この本は、オザケンこと小沢健二さんがいろんなところで紹介されたので有名になりました。
この本に触発されて、オザケンが恋人のことを「子猫ちゃん」と呼ぶようになったというエピソードがあります。今、大泉洋が「僕の子猫ちゃんたち」という言葉を使うのは、オザケンがテレビで言っていたのに影響を受けたに違いないと睨んでいます。(笑)
三島由紀夫ではありますが、非常に簡単に読めてしまうおちゃらけた手紙のやり取りのみで構成された内容です。おちゃらけた内容じゃない真面目な書簡もたくさん出てくるのですが、その真面目っぷりがやっぱり笑いを誘うのです。
『レター教室』という題名の示すとおり、それぞれの手紙は「借金の申し込み」「身の上相談の手紙」「病人へのお見舞い状」などタイトルがつけられ文例としても使えるような内容です。
5人の書き手による違いはもとより、社交的な手紙から歯に衣着せぬ悪口の手紙まで、各人が書き分けるスタイルは実にさまざまで、ユーモアにあふれています。

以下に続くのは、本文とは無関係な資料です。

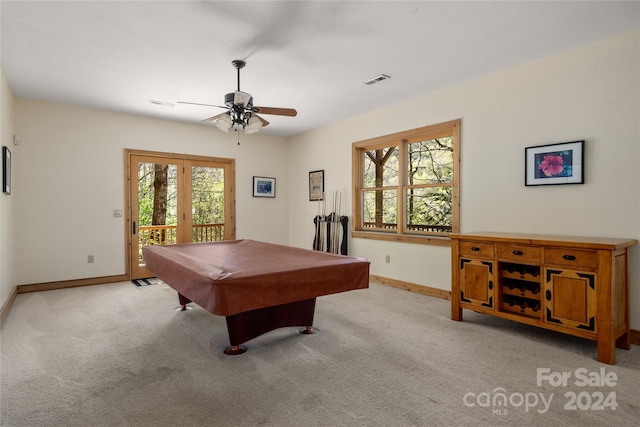 game room featuring french doors, light colored carpet, ceiling fan, and billiards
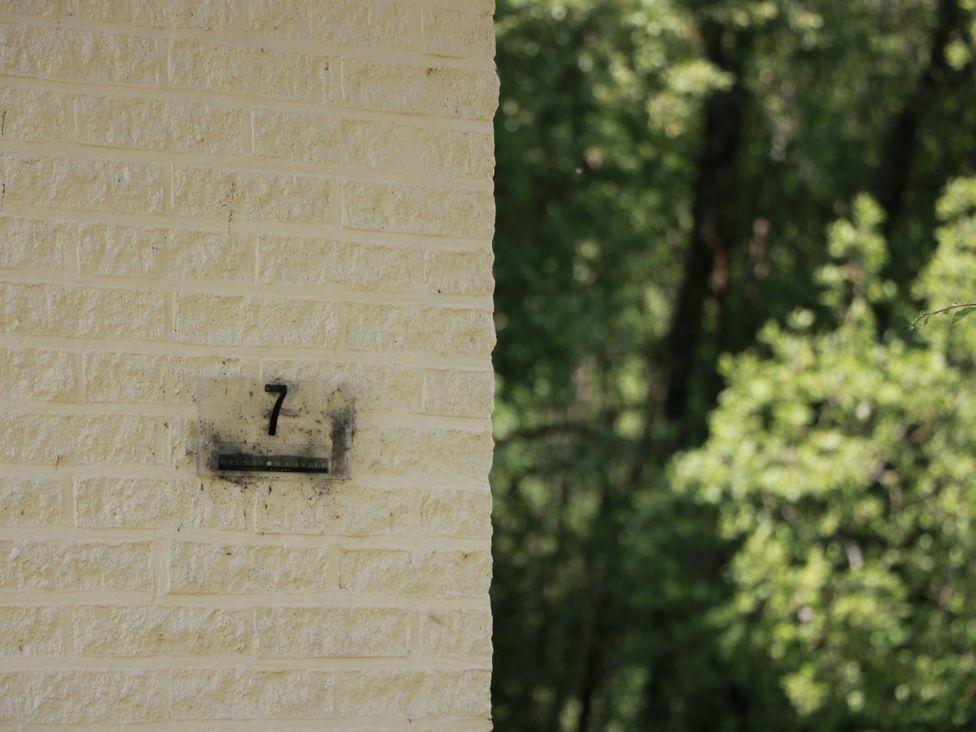 A house number 7 on a corner of a yellow brick wall in a wooded area at 7 Brunston Avenue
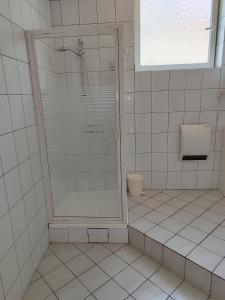 a white tiled bathroom with a shower and a toilet at Esma in Vogošća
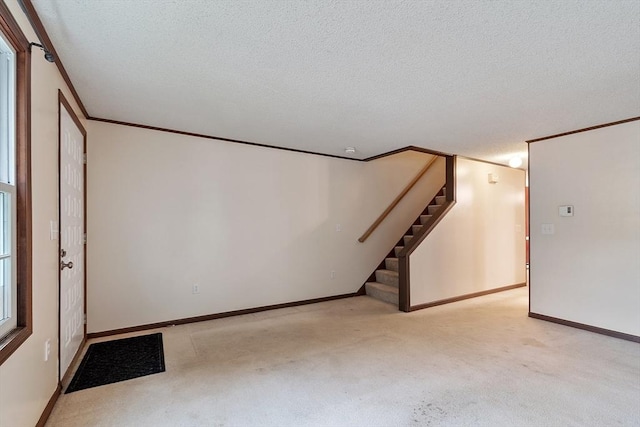 24 Mountainshire Dr Unit 24, Worcester, MA 01606 - basement featuring stairs, a textured ceiling, carpet floors, crown molding, and baseboards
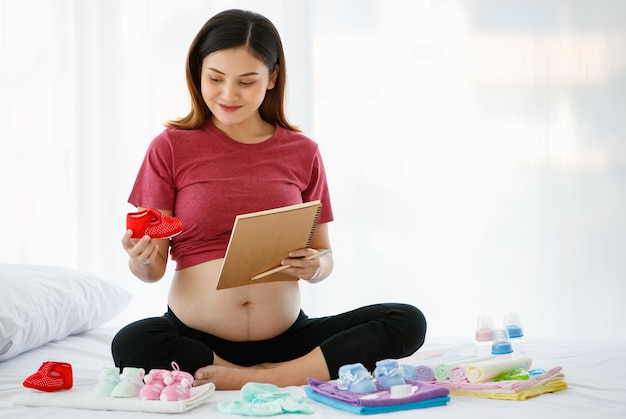 Concepto de madre feliz y saludable. Mujer embarazada asiática sentada en una cama sosteniendo un libro y un lápiz mientras sonríe y mira un lindo zapato de bebé rojo lleno de amor.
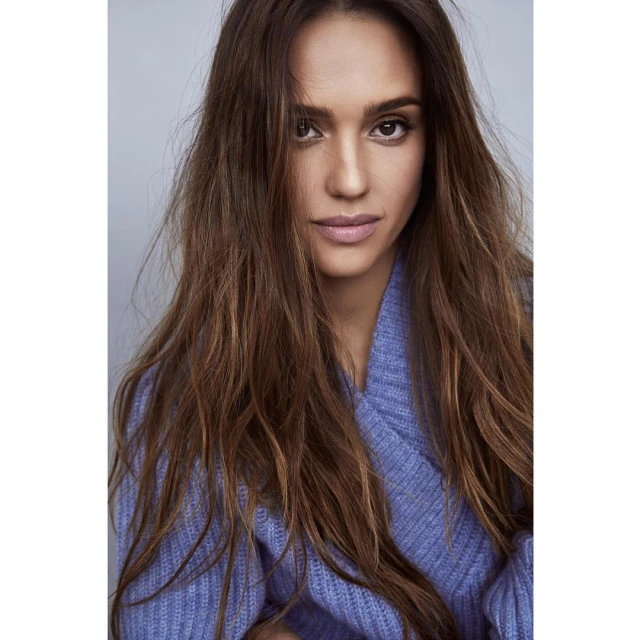 Close-up portrait of Jessica Alba with long brown hair wearing a blue sweater against a neutral grey background in a photo studio.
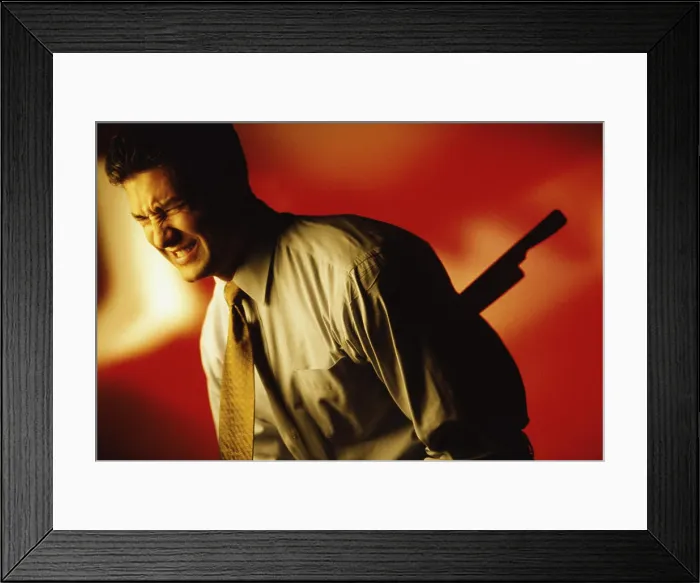 Framed Print : Side profile of a man stabbed in the back Framed Print : Side profile of a man stabbed in the back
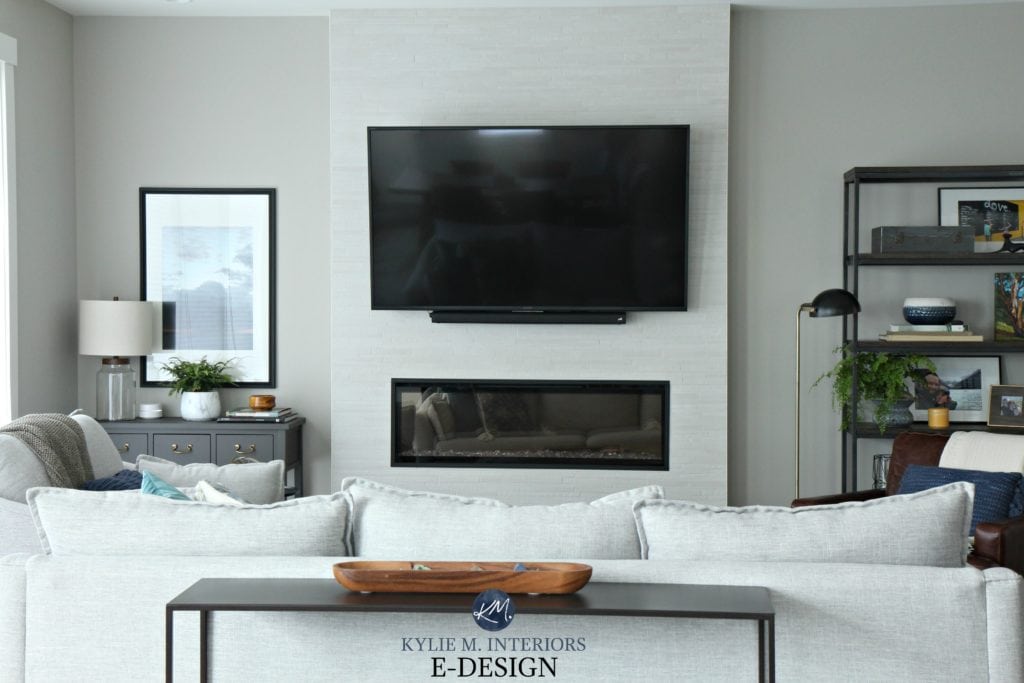 Sherwin Williams Collonade Gray in living room. Kylie M Interiors Edesign. Tv above electric fireplace with tile surround. Transitional style home decor - Copy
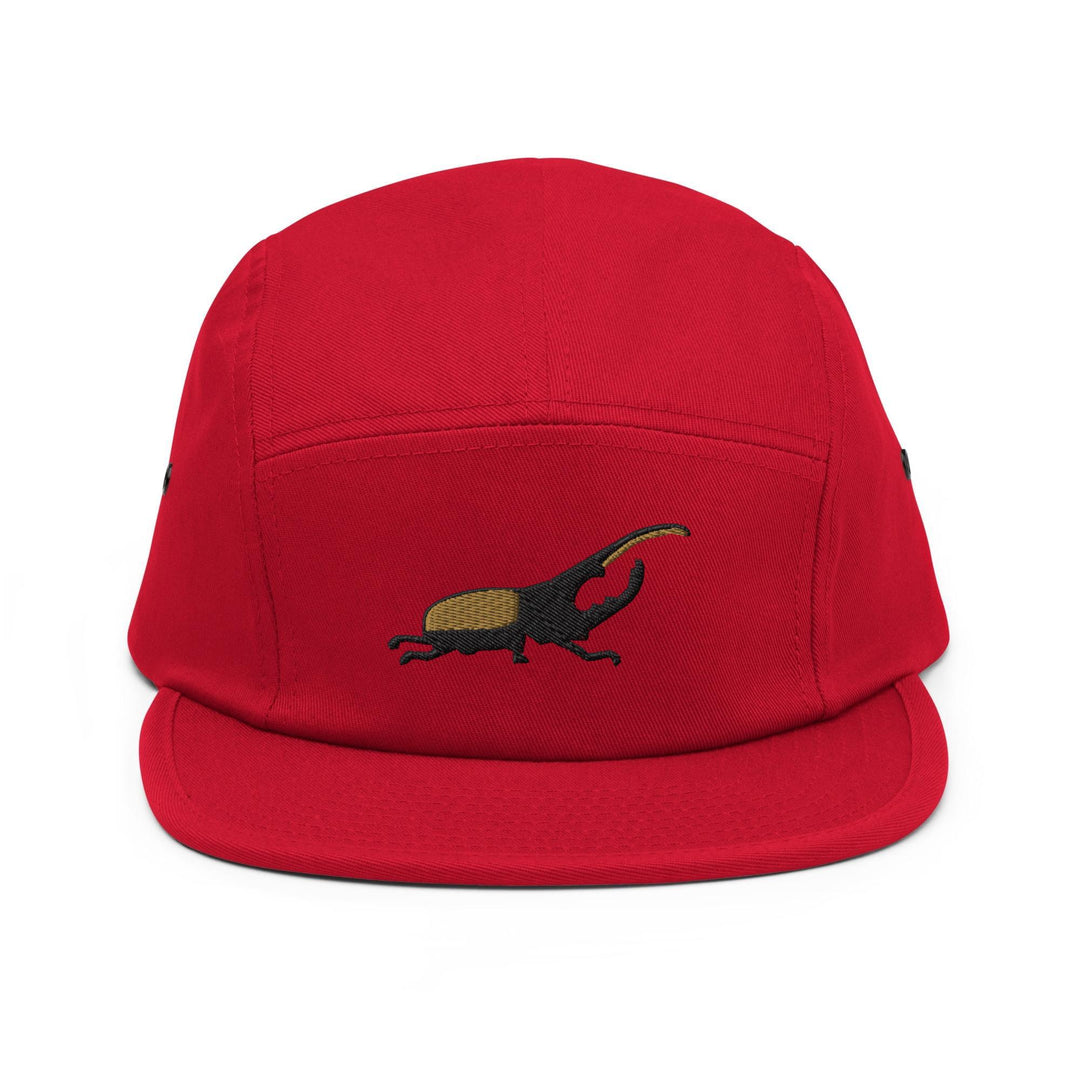 a red hat with a lizard embroidered on it
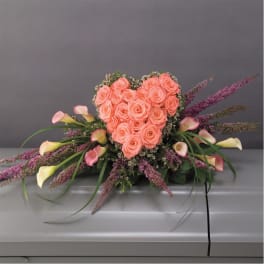 Heart-shaped bouquet of peach roses with pink calla lilies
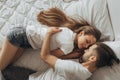 Beautiful loving couple kissing in bed Royalty Free Stock Photo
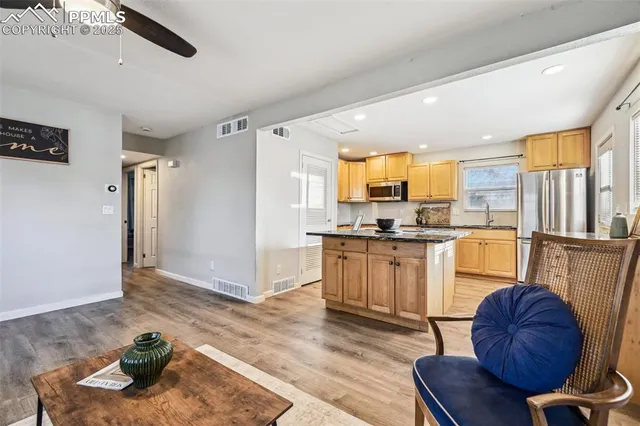 a kitchen with a refrigerator and a sink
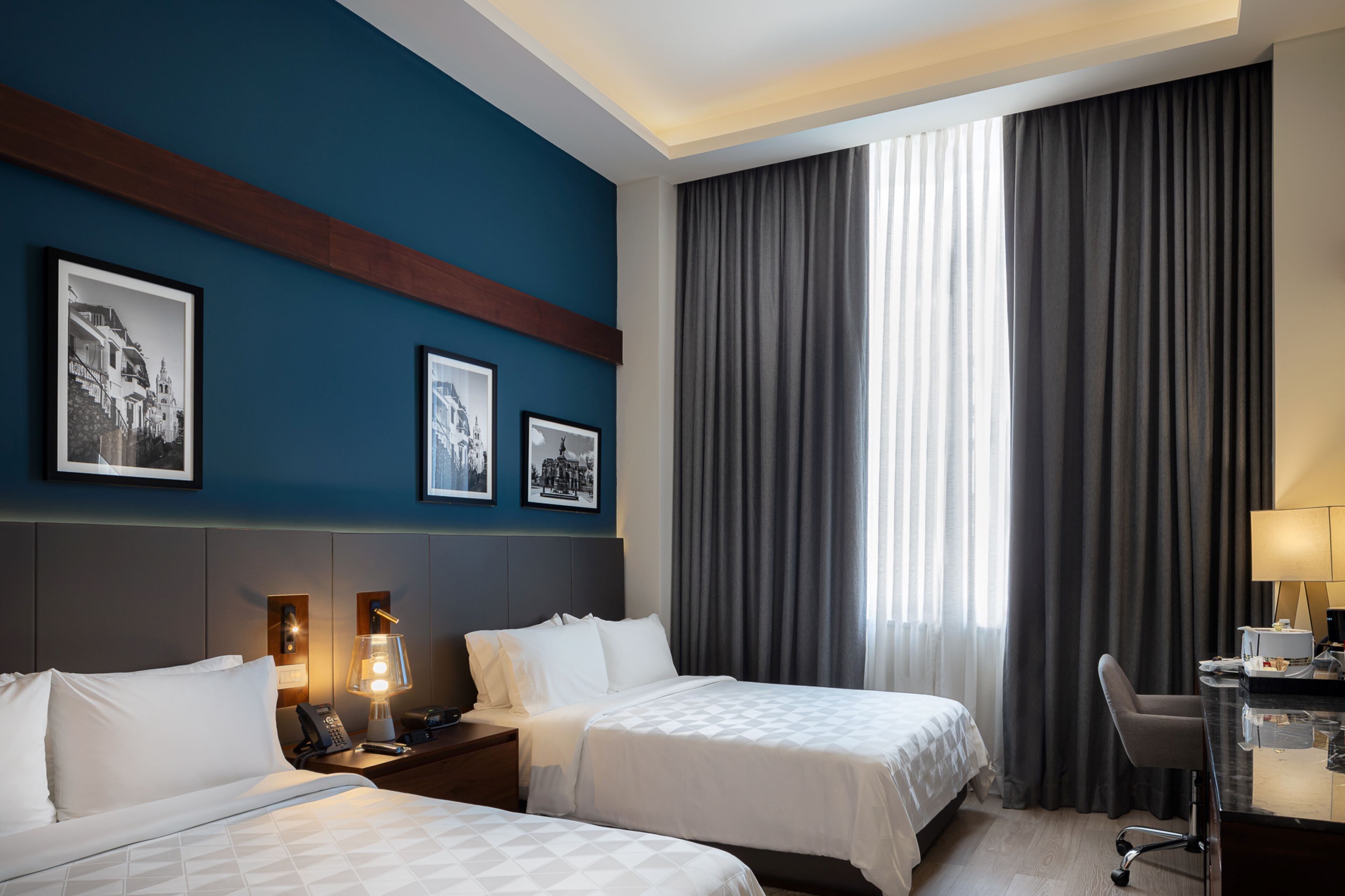 Une chambre d’hôtel avec deux lits, un bureau, une chaise et une grande fenêtre avec des rideaux.
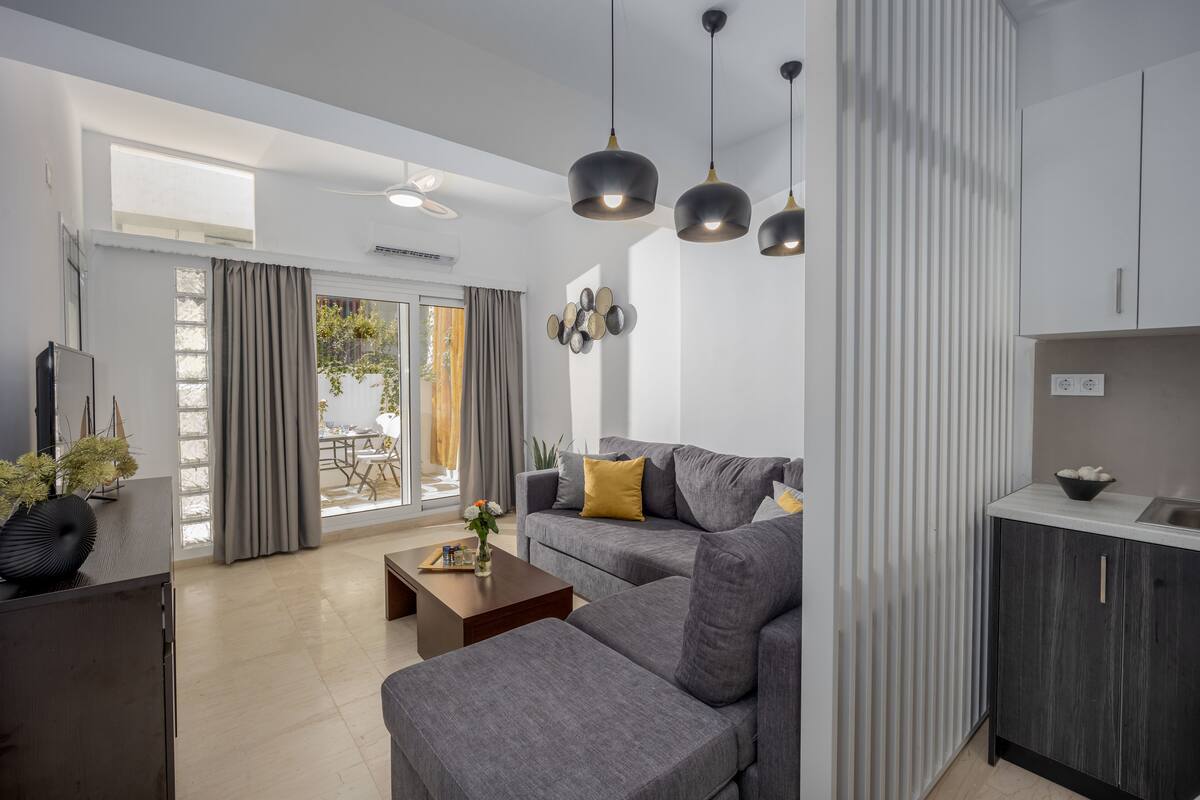 Een moderne woonkamer met een grijze bank, een salontafel en hanglampen. Er is een schuifdeur die leidt naar een balkon.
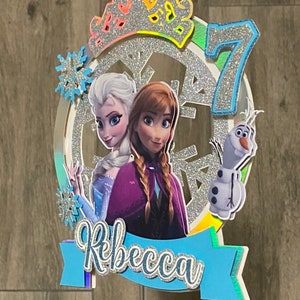 Peut inclure: Un topper de g&acirc;teau en paillettes argent&eacute;es avec une couronne, un flocon de neige et le chiffre 7. Le topper pr&eacute;sente &eacute;galement des images d'Elsa et d'Anna de la Reine des Neiges, ainsi que le nom "Rebecca".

中には「英文の手紙を書くコツ」などのように手紙の中で、手紙の書き方を指南するという凝った仕掛けを施されたものもあります。
ストーリーは登場人物たちの繰り広げるドタバタ喜劇風の人間模様で、はじめはあっさりしていた人間関係が、恋愛、嫉妬、裏切りなどさまざまな感情によって複雑に絡み合っていきます。
いろいろな年齢層、立場にいる登場人物たちが浮き彫りにする感情が、「あるある!」と思わず笑ってしまうようなことばかりで最初から最後までクスクス笑いっぱなしです。
最後は、少しホロリとさせられるドラマの王道?的要素も盛り込まれて、人間関係に疲れたようなときに読むと、「そうそう、そういう人っているいる!」と笑わされ、最後には「そうだよね、人間って悪い部分だけじゃないよね」と癒されます。
ところで、オザケン、あなた今どこで何しているの?早くアルバム出してほしいのに!